- Exercise inputs -
····················

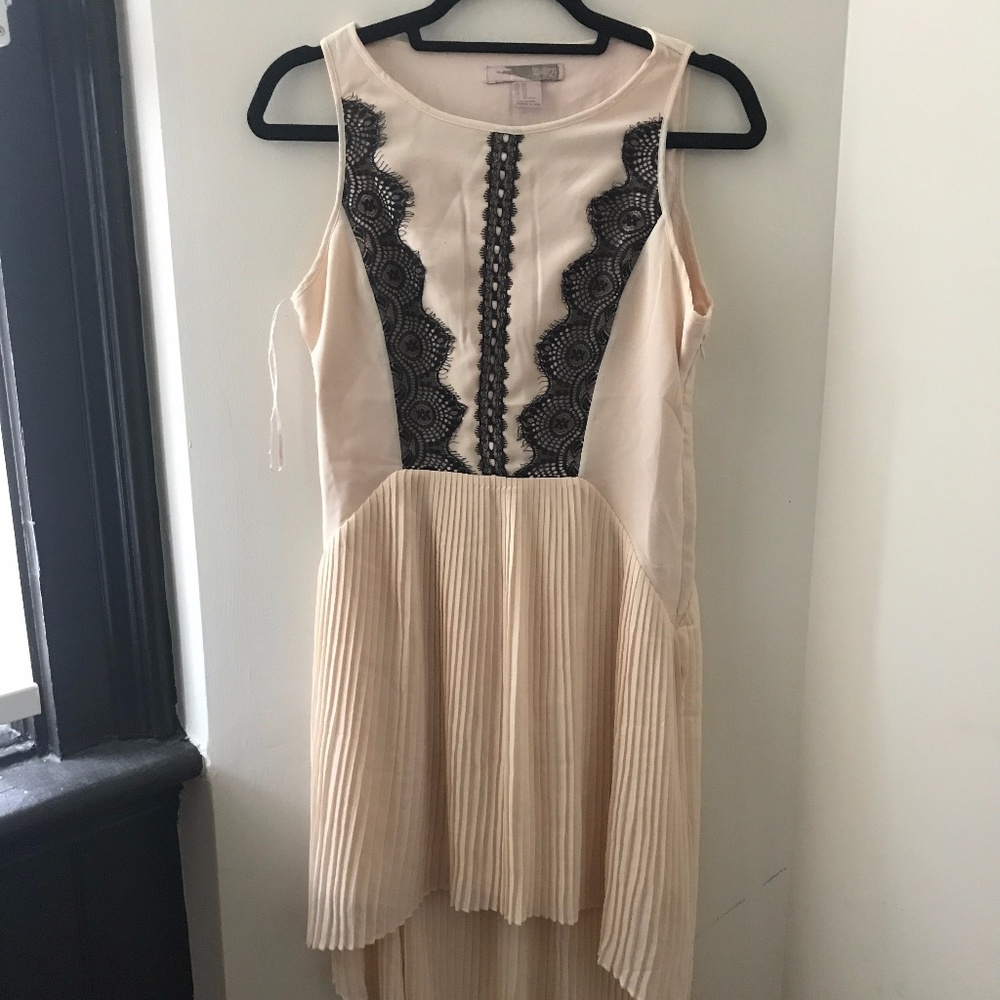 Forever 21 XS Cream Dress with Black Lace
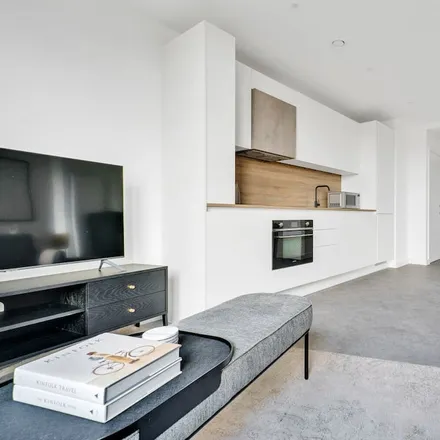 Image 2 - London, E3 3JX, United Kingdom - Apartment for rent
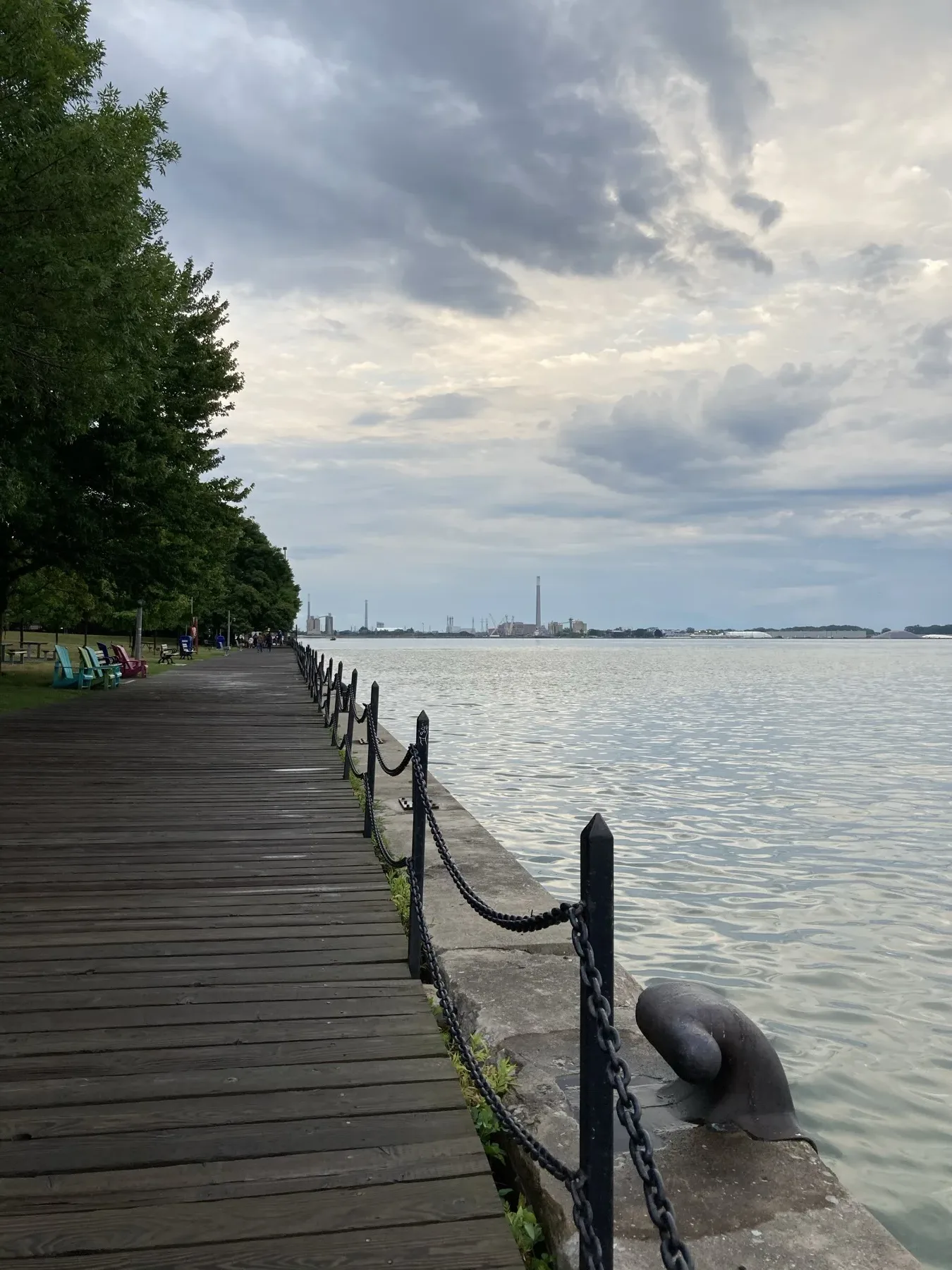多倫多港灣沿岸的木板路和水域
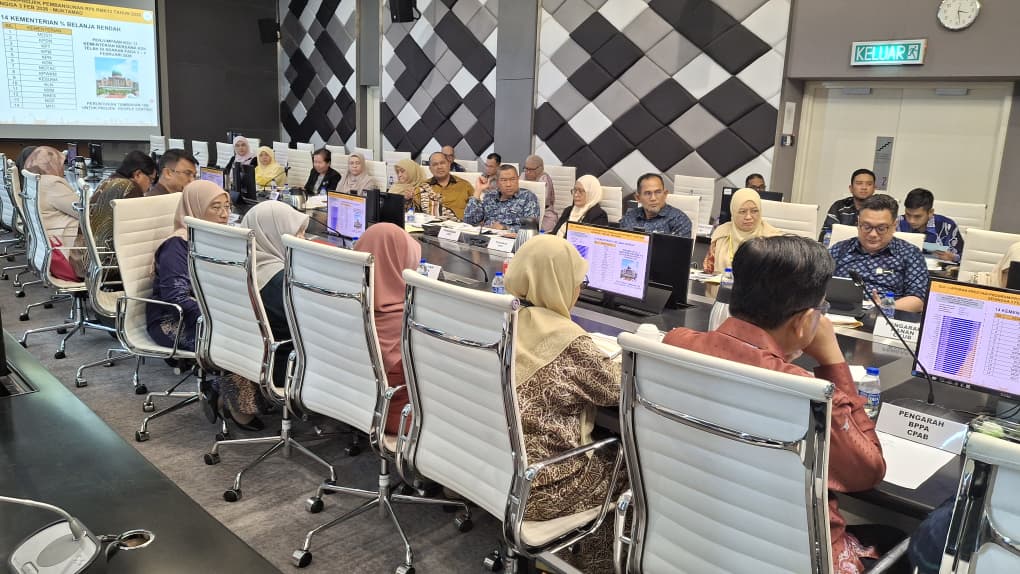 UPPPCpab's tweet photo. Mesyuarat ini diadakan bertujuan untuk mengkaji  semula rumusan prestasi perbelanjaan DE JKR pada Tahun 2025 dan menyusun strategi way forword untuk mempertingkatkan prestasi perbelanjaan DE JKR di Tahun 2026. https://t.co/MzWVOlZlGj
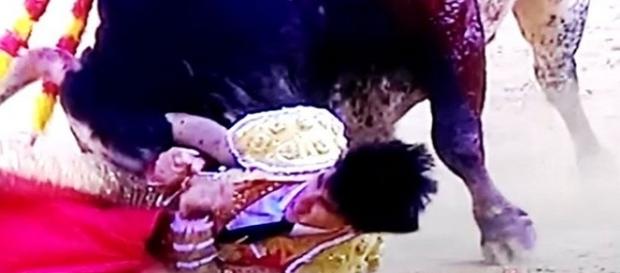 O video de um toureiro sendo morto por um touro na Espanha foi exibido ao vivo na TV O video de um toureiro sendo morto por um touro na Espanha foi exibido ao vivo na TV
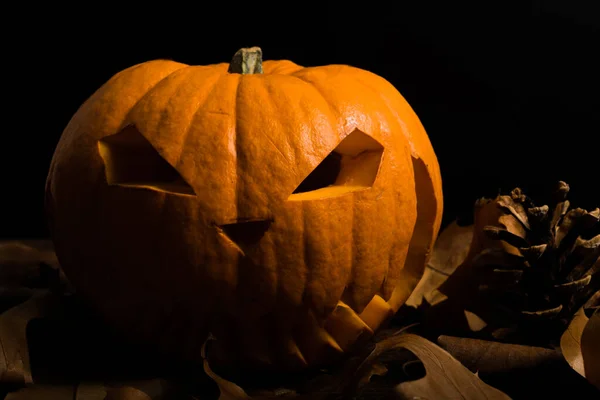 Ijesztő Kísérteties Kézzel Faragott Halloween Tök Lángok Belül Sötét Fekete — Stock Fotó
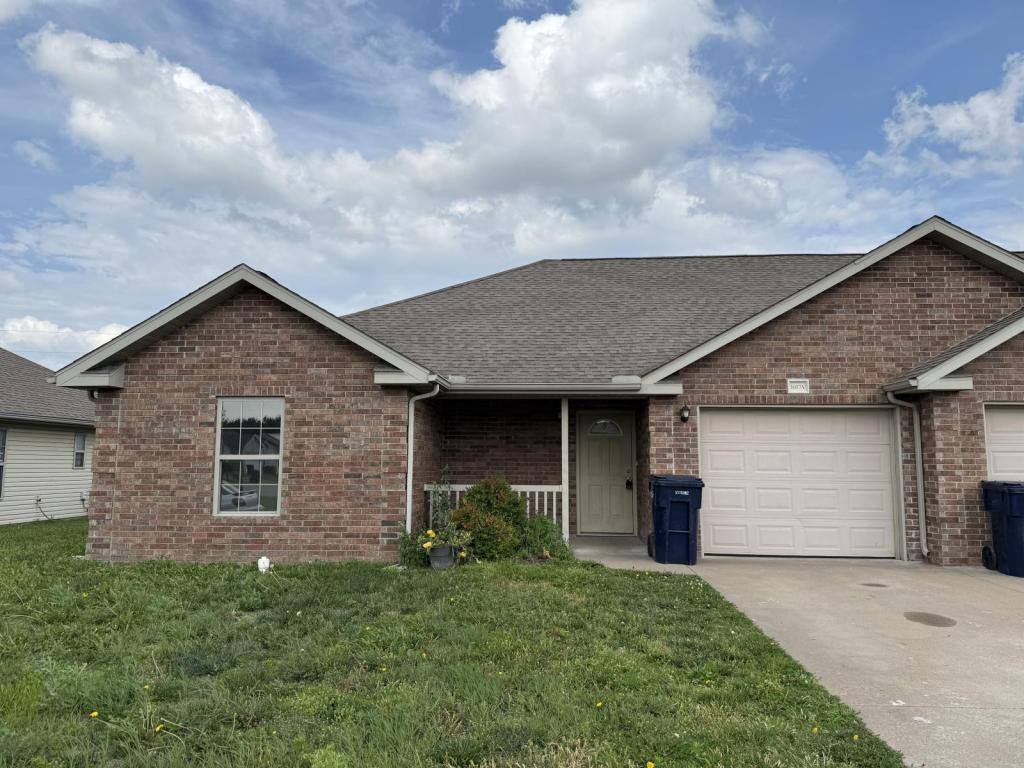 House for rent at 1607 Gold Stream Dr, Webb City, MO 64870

····················

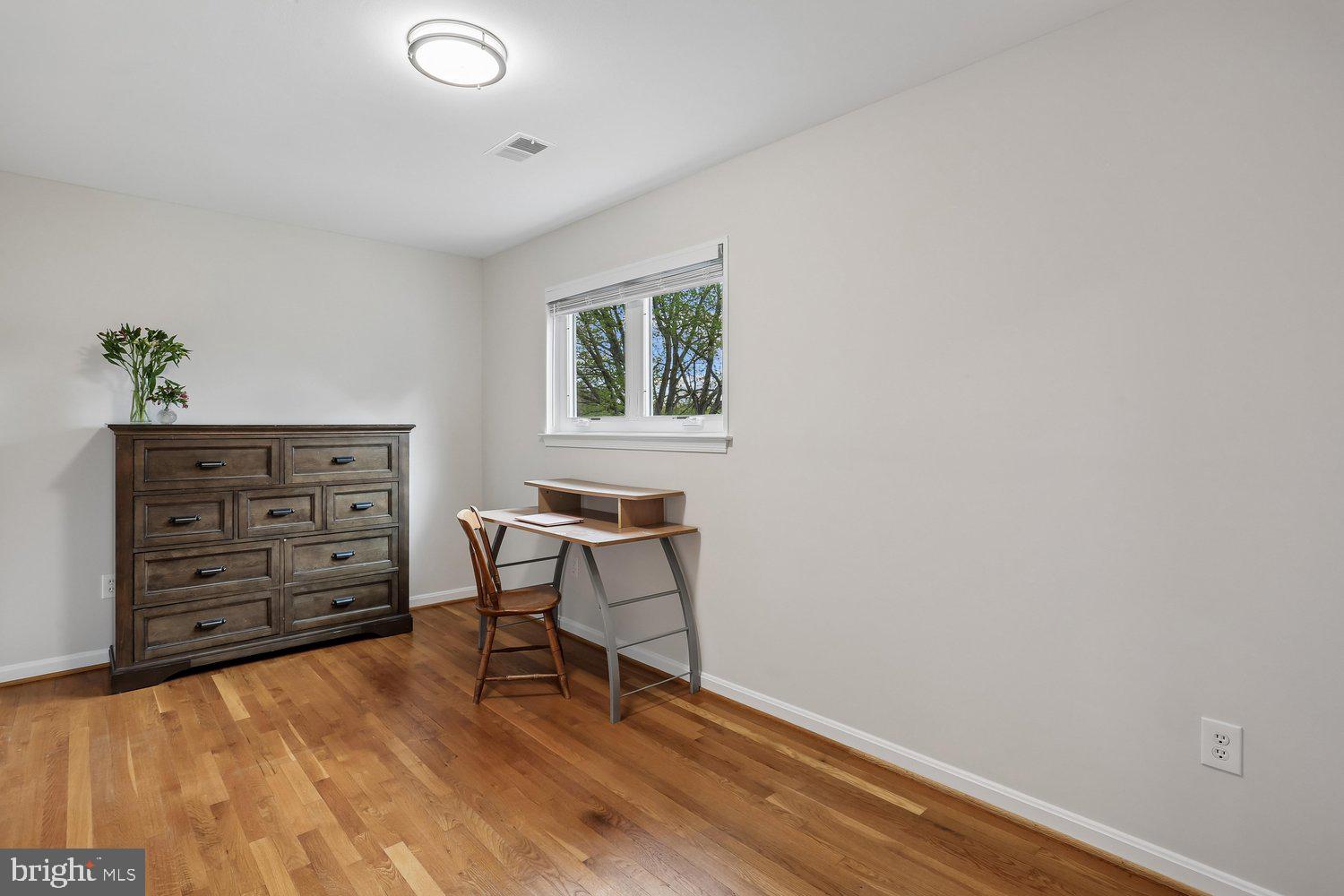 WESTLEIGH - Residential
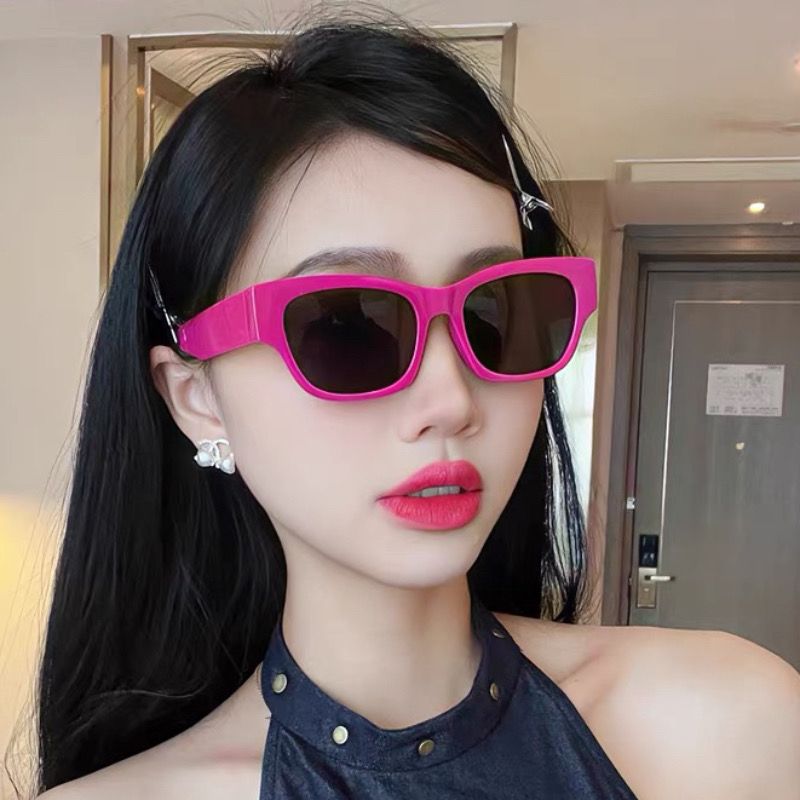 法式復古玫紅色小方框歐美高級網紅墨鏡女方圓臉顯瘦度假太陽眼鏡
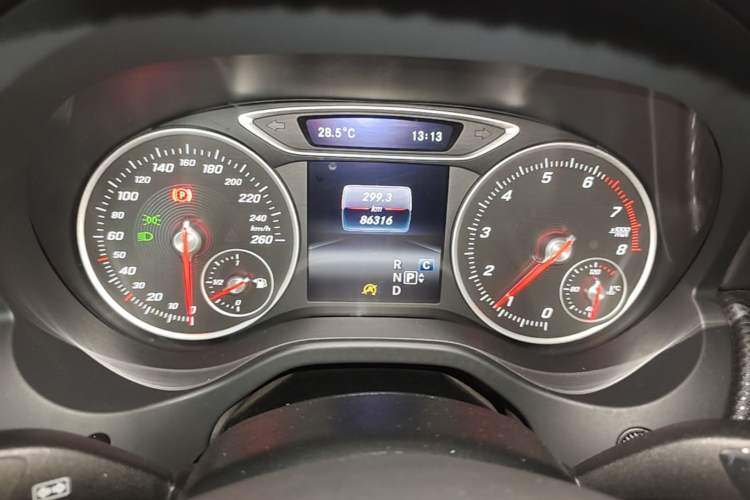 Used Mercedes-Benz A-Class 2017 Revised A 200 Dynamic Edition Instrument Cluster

····················

- Problem to solve -
Write out, word for word, the stretch of entries that begins at the line with "Forever 21 XS Cream Dress with Black Lace" and ends at the line with "House for rent". Pictures do not belong in it.

- Result below -
 Forever 21 XS Cream Dress with Black Lace
 Image 2 - London, E3 3JX, United Kingdom - Apartment for rent
多倫多港灣沿岸的木板路和水域
 UPPPCpab's tweet photo. Mesyuarat ini diadakan bertujuan untuk mengkaji  semula rumusan prestasi perbelanjaan DE JKR pada Tahun 2025 dan menyusun strategi way forword untuk mempertingkatkan prestasi perbelanjaan DE JKR di Tahun 2026. https://t.co/MzWVOlZlGj
 O video de um toureiro sendo morto por um touro na Espanha foi exibido ao vivo na TV O video de um toureiro sendo morto por um touro na Espanha foi exibido ao vivo na TV
 Ijesztő Kísérteties Kézzel Faragott Halloween Tök Lángok Belül Sötét Fekete — Stock Fotó
 House for rent at 1607 Gold Stream Dr, Webb City, MO 64870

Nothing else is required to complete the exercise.